Some recent efforts have been made to develop measurements of cognitive capacity that could be applied to a wider range of information-processing systems, including artificial intelligences. Work in this direction, if it can overcome various technical difficulties, may turn out to be quite useful for some scientific purposes including AI development. For purposes of the present investigation, however, its usefulness would be limited since we would remain unenlightened about what a given superhuman performance score entails for actual ability to achieve practically important outcomes in the world. )) Still, using concepts like ‘intelligence’ or ‘power’ to express imprecise hypotheses is better than substituting precise metrics that overstate how much we currently know about general intelligence and the future of AI. (( Imagine a Sumerian merchant living 5,000 years ago, shortly after the invention of writing, who has noticed the value of writing for storing good ideas over time, and not just market transactions. Writing could even allow one to transmit good ideas to someone you’ve never met, such as a future descendant. The merchant notices that his own successes have often involved collecting others’ good ideas, and that good ideas often open up pathways to coming up with other, even better ideas. From his armchair, he concludes that if writing becomes sufficiently popular, it will allow a quantity called society’s knowledge level to increase in an accelerating fashion; which, if the knowledge is used wisely, could result in unprecedented improvements to human life.

In retrospect we can say ‘knowledge’ would have been too coarse-grained a category to enable any precise predictions, and that there have really been multiple important breakthroughs that can be considered ‘knowledge explosions’ in different senses. Yet the extremely imprecise prediction can still give us a better sense of what to expect than we previously had. It’s a step up from the (historically common) view that civilizational knowledge only diminishes over time, the view that things will always stay the same, the view that human welfare will radically improve for reasons unrelated to knowledge build-up, etc.

The point of this analogy is not that people are good at making predictions about the distant future.

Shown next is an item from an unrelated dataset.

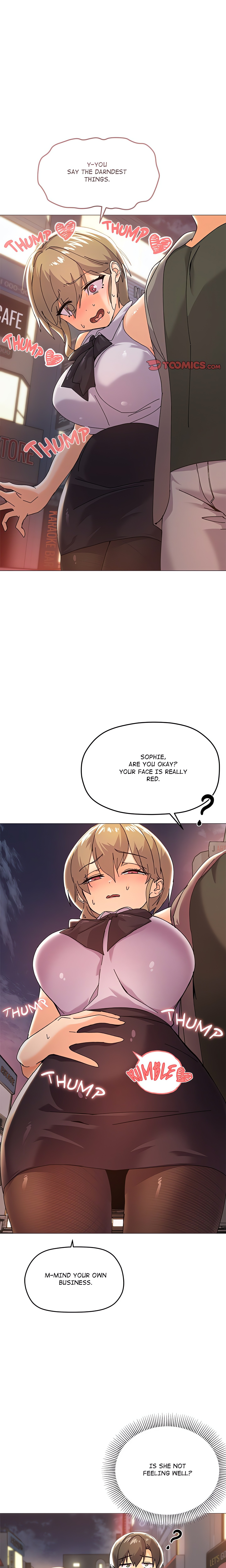 What’s Wrong With This Family? (Uncensored) Chapter 5 Page 23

Rather, my point is that hand-wavey quantities like ‘society’s knowledge level’ can be useful for making predictions, and can be based on good evidence, even if the correspondence between the quantity and the phenomenon it refers to is inexact. ))

Superintelligence superiority

In Superintelligence (pp. 59-61), Bostrom lists a variety of ways AGI may surpass humans in intelligence, owing to differences in hardware (speed and number of computational elements, internal communication speed, storage capacity, reliability, lifespan, and sensors) and software (editability, duplicability, goal coordination, memory sharing, and new modules, modalities, and algorithms). Davis grants that these may allow AGI to outperform humans, but expresses skepticism that this could give AGI a decisive advantage over humans. To paraphrase his argument:

Elephants’ larger brains don’t make them superintelligent relative to mice; squirrels’ speed doesn’t give them a decisive strategic advantage over turtles; and we don’t know enough about what makes Einstein smarter than the village idiot to make confident predictions about how easy it is to scale up from village idiot to Einstein, or from Einstein to super-Einstein. So there’s no particular reason to expect a self-improving AGI to be able to overpower humanity.

My response is that the capabilities Bostrom describes, like “speed superintelligence,” predict much larger gaps than the gaps we see between elephants and mice. Bostrom writes (in a footnote on p. 270):

At least a millionfold speedup compared to human brains is physically possible, as can be seen by considering the difference in speed and energy of relevant brain processes in comparison to more efficient information processing. The speed of light is more than a million times greater than that of neural transmission, synaptic spikes dissipate more than a million times more heat than is thermodynamically necessary, and current transistor frequencies are more than a million times faster than neuron spiking frequencies.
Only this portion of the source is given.